Se c’è una cosa che rappresenta più di altre il livello della Conference League sono le partite che la Roma ha dovuto giocare fuori casa fino a questo momento. Si è partiti da Zaporizhzhia, tornata purtroppo in auge per avvenimenti ben diversi da una partita di calcio, si è passati per Bodø, dove non era un mistero che i giocatori della Roma non avessero piacere a giocare, si è concluso il girone a Sofia, finora la più “prestigiosa” delle mete (il che è tutto dire), e quest’oggi si è giocato ad Arnhem, su un campo ben lontano dal limite dell’accettabile.

Ora, girare località di questo tipo può essere gratificante per gli avventurosi tifosi da trasferta, che anche con curiosità vanno alla scoperta di posti nuovi e sconosciuti, lo è meno per una squadra che poco meno di un anno fa si giocava una semifinale di Europa League e che ha giocato tante volte anche la Champions League. Ma proprio perché la Roma ha un pedigree e un blasone diverso - leggasi, superiore - rispetto alla competizione che sta disputando, dovrebbe farlo pesare sul terreno di gioco; invece, i giallorossi si sono adeguati al livello di competizione, campo e anche avversario, non certo temibile come, peraltro, non è stato descritto nemmeno per un secondo in sede di presentazione della partita.

Le condizioni del prato del Gelredrome erano sotto agli occhi di tutti ed è impossibile non tenerne conto nella valutazione di una gara da cui la Roma, ed è bene sottolinearlo, riporta indietro un utile vantaggio in vista del ritorno, così come i cambi tra intervallo e ora di gioco hanno fatto emergere nuovamente la non totale adeguatezza di alcuni elementi. Ma è pur vero che, come in tante altre occasioni in cui invece il risultato non è stato positivo, la squadra di Mourinho non ha prodotto neanche quel minimo sindacale che ci si può comunque aspettare dai giocatori a sua disposizione, rischiando anzi a più riprese e segnando in un modo che, se non casuale, si può definire perlomeno anticlimatico rispetto al racconto della gara fino a quel momento (e anche dopo).

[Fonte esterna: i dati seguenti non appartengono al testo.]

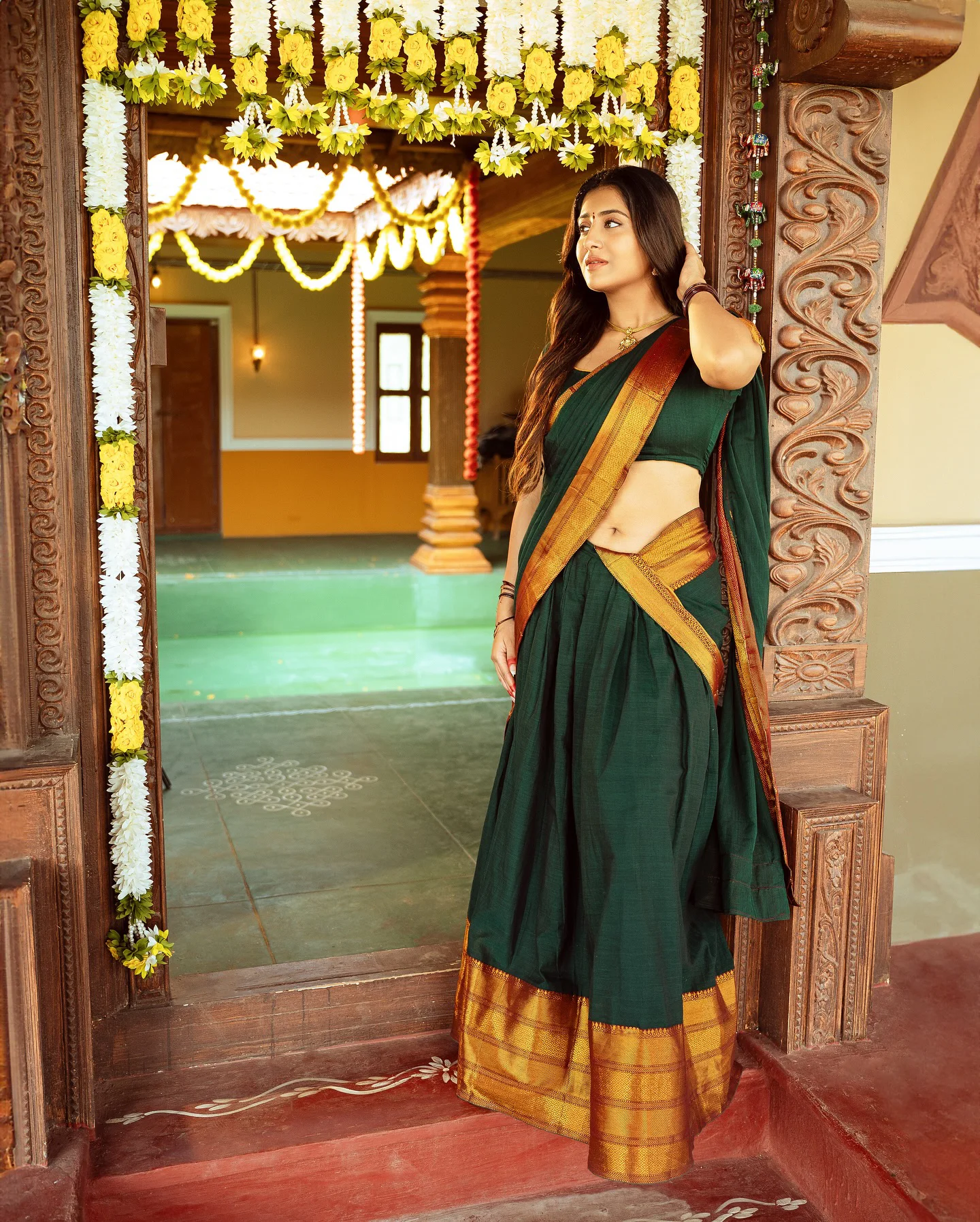 Rashi Singh Shining Looks in Half Saree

Buona parte del lavoro, se non altro, è stata comunque portato a casa e non è ipotesi fantascientifica pensare che all’Olimpico i giallorossi abbiano buonissime chance di chiudere la pratica e di avanzare ai quarti di finale di Conference League (pur con le evitabili squalifiche di Oliveira e Mancini), dove da 16 le squadre diventeranno 8 e il livello, giocoforza, si alzerà. E a quel punto l’adeguarsi al contesto non sarà più un voler scendere di un gradino, ma diventerà un doversi elevare a uno step superiore. A maggior ragione dopo quanto visto oggi, la Conference League è un obiettivo che richiederà un numero di partite “di livello” anche inferiore rispetto a quanto ci si potesse aspettare: ora è la Roma che deve far sì che gli altri debbano adeguarsi a lei.